Monday, 10 November 2008

Scholar finds Mayans' buried highway through hell

According to the Mayans, the dead, were thought to enter the afterlife through a cave populated by sinister gods and represented by the jaguar, the symbol of night. A Mexican archaelogist may have discovered the path that departed spirits had to travel after death

~ Associated Press

Legend says the afterlife for ancient Mayas was a terrifying obstacle course in which the dead had to traverse rivers of blood, and chambers full of sharp knives, bats and jaguars.

Now a Mexican archaeologist using long-forgotten testimony from the Spanish Inquisition says a series of caves he has explored may be the place where the Maya actually tried to depict this highway through hell.

The network of underground chambers, roads and temples beneath farmland and jungle on the Yucatan peninsula suggests the Maya fashioned them to mimic the journey to the underworld, or Xibalba, described in ancient mythological texts such as the Popol Vuh.

"It was the place of fear, the place of cold, the place of danger, of the abyss," said University of Yucatan archaeologist Guillermo de Anda.

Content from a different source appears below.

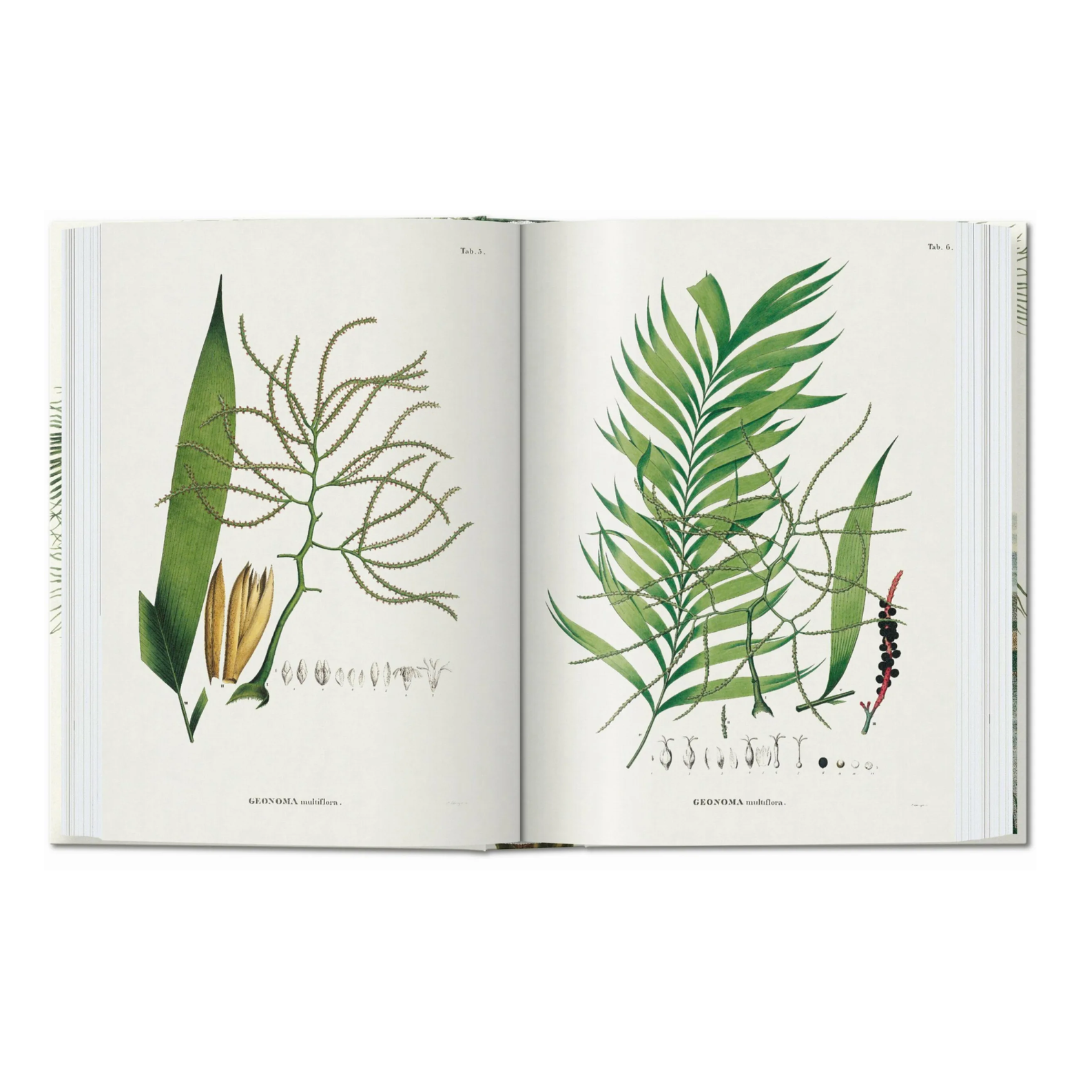 Martius. The Book of Palms. 40th Ed.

Searching for the names of sacred sites mentioned by Indian heretics who were put on trial by Inquisition courts, De Anda discovered what appear to be stages of the legendary journey, recreated in a half-dozen caves south of the Yucatan state capital of Merida.
Full Article

KGAN CBS2 Report:

He says it was a dark place of fear, danger and "the abyss." Among the discoveries are a paved, 100-yard underground road, a submerged temple, walled-off stone rooms and the "confusing crossroads" of the legends. Ancient skulls are scattered around.

The caves are very remote and hidden -- possibly because, even as the Maya were forced to convert to Christianity, they still slipped away to worship underground.